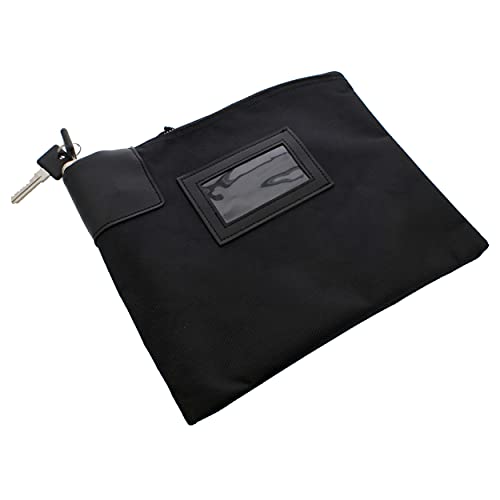 BISupply Locking Money Bag Locking Pouch Zipper Bank Bag with Lock Locking Cash Bag Lock Pouch Lock Bag in Black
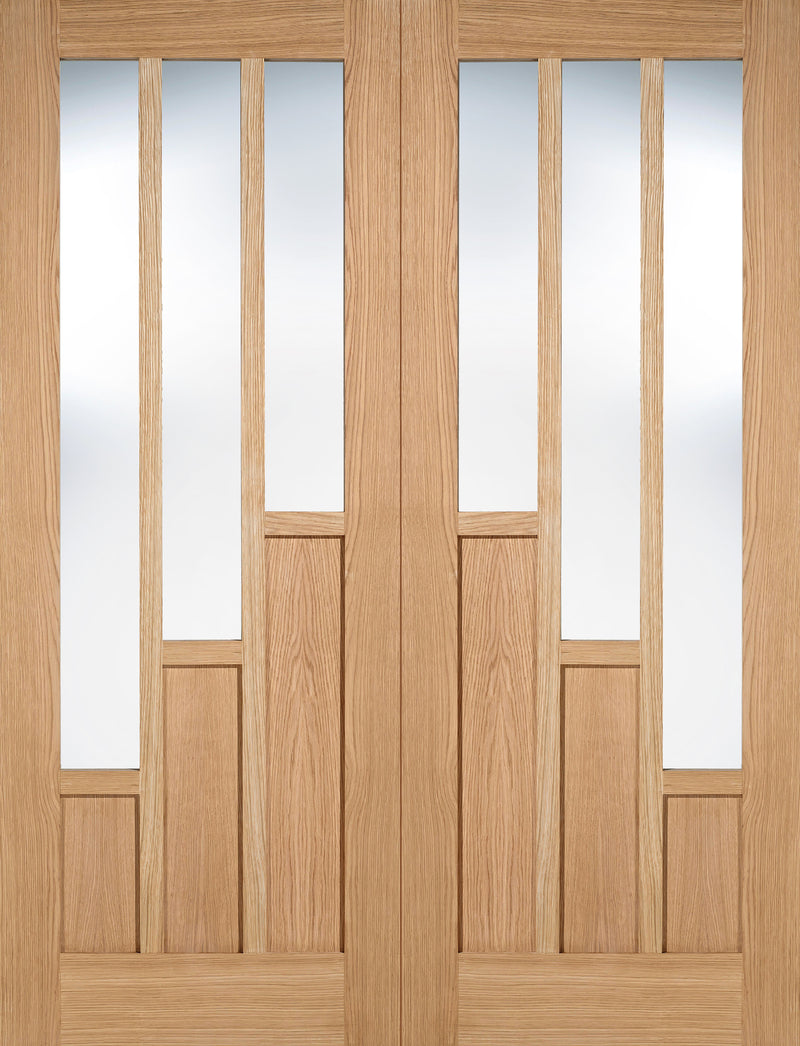 Oak Coventry Glazed 3 Light Pairs Pre-Finished Room Divider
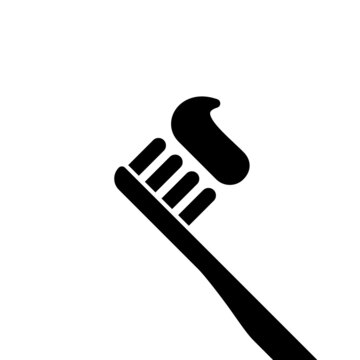 Cute toothbrush icon. Monochrome solid style.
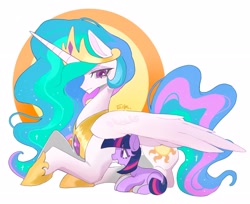Size: 2281x1861 | Tagged: safe, artist:ye qi, princess celestia, twilight sparkle, :d, alicorn, covering, crown, duo, duo female, female, filly, filly twilight sparkle, foal, full body, g4, horn, imported from derpibooru, jewelry, lying down, mare, momlestia, open mouth, open smile, partially open wings, pony, prone, regalia, signature, simple background, smiling, sun, unicorn, unicorn twilight, white background, wing covering, wings, younger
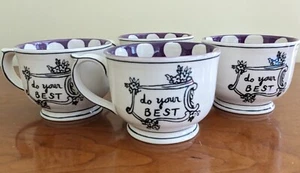 Anthropologie Molly Hatch "Do Your Best " Purple and White Dot Coffee /Tea Cup - Picture 1 of 3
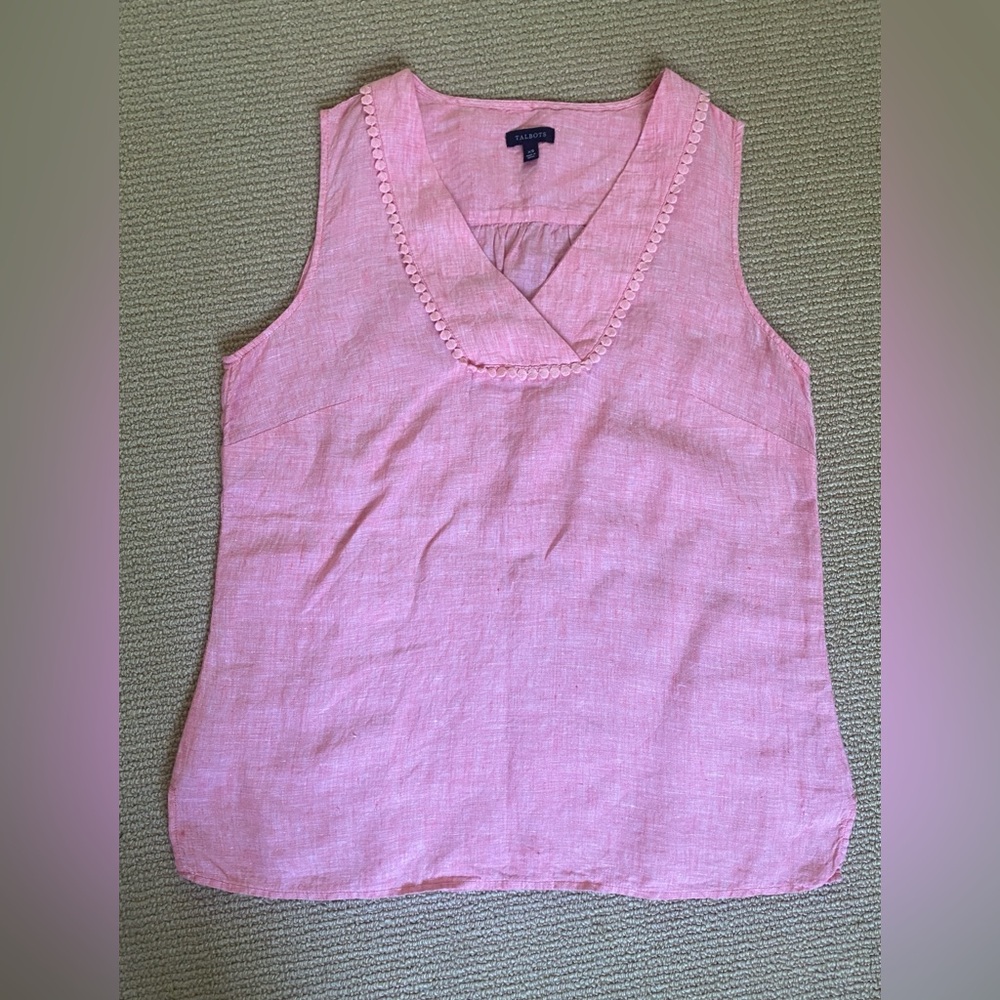 Talbots Pink Linen Tank Blouse size XS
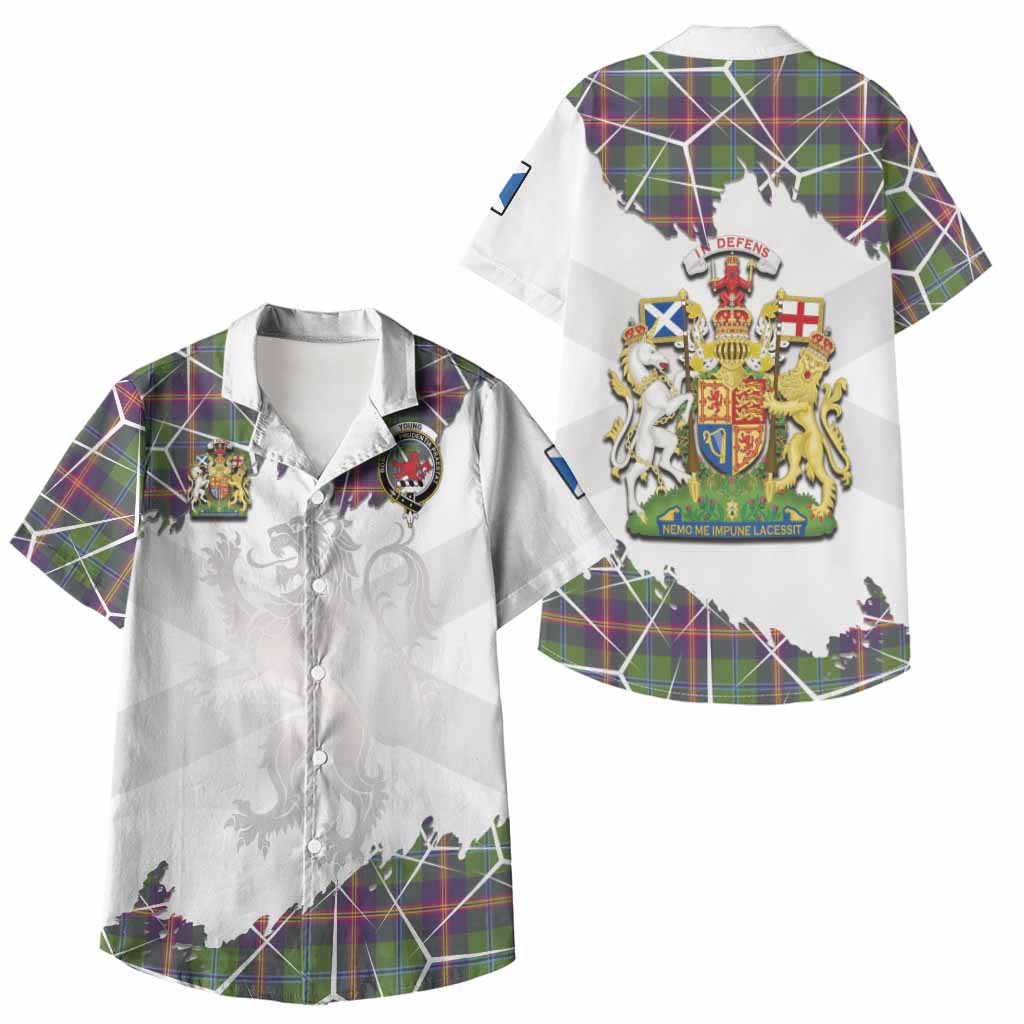 Young Tartan Kid Hawaiian Shirt with Family Crest and Lion Rampant Grunge Style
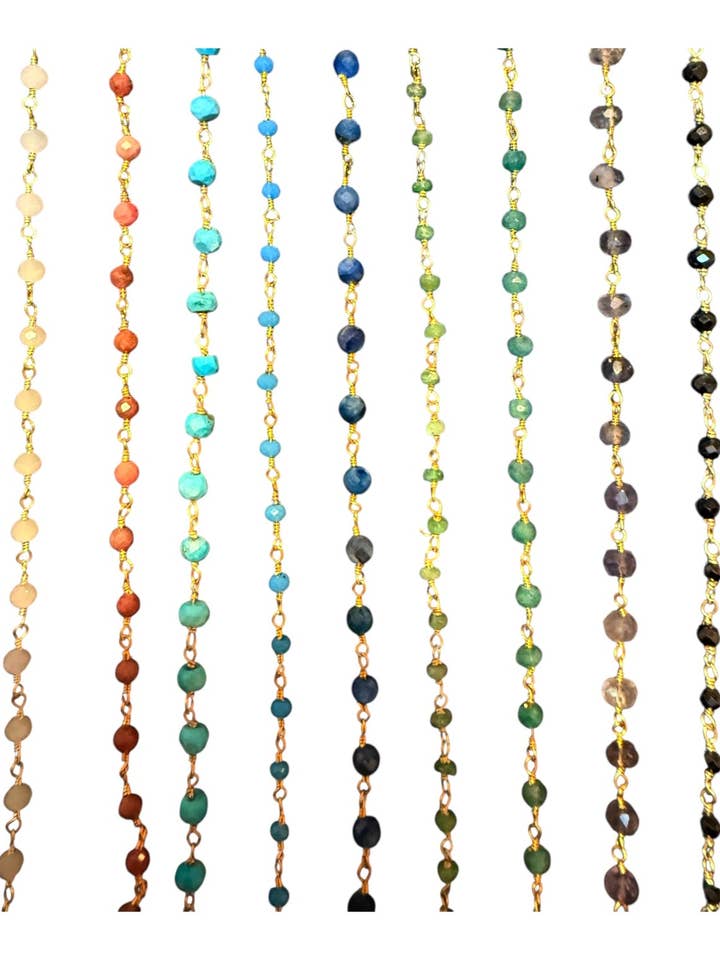 Collier porte‑pendentif en pierre précieuse en fil enroulé avec rallonge pour la vente par Shá Parlé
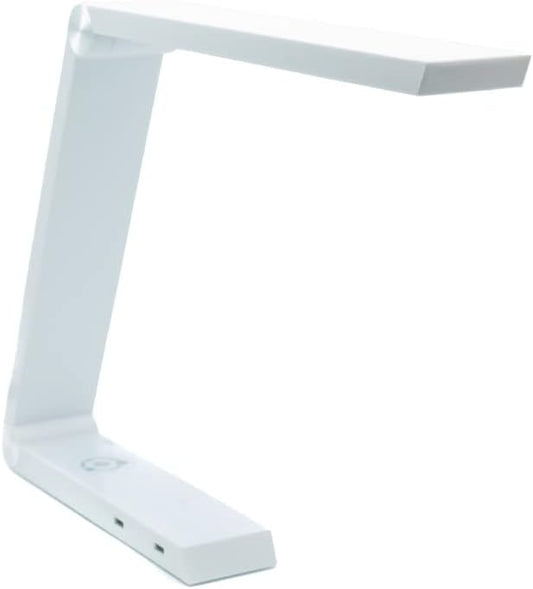 Modern LED Desk Lamp with Dimmable Light Control Wireless Charging and 2 USB Ports for Home Office Dorms Bedroom Reading Light (White)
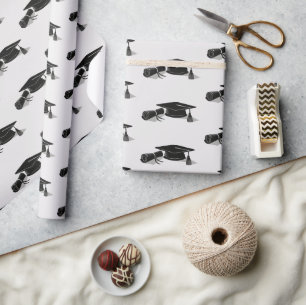 Papel De Regalo Diploma de Grad Cap (negro)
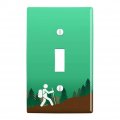 Hiker Hiking Symbol Mountain Nature Plastic Wall Decor Toggle Light Switch Plate Cover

┄┄┄┄┄┄┄┄┄┄┄┄┄┄┄┄┄┄┄┄

__Exercise directions__.
The lines from the one containing "Talbots Pink Linen Tank Blouse size XS" through the end of the data above are to be copied exactly, both ends included, and pictures are to be omitted.

__Output for this exercise__.
 Talbots Pink Linen Tank Blouse size XS
 Young Tartan Kid Hawaiian Shirt with Family Crest and Lion Rampant Grunge Style
 Collier porte‑pendentif en pierre précieuse en fil enroulé avec rallonge pour la vente par Shá Parlé
 Modern LED Desk Lamp with Dimmable Light Control Wireless Charging and 2 USB Ports for Home Office Dorms Bedroom Reading Light (White)
 Papel De Regalo Diploma de Grad Cap (negro)
 Hiker Hiking Symbol Mountain Nature Plastic Wall Decor Toggle Light Switch Plate Cover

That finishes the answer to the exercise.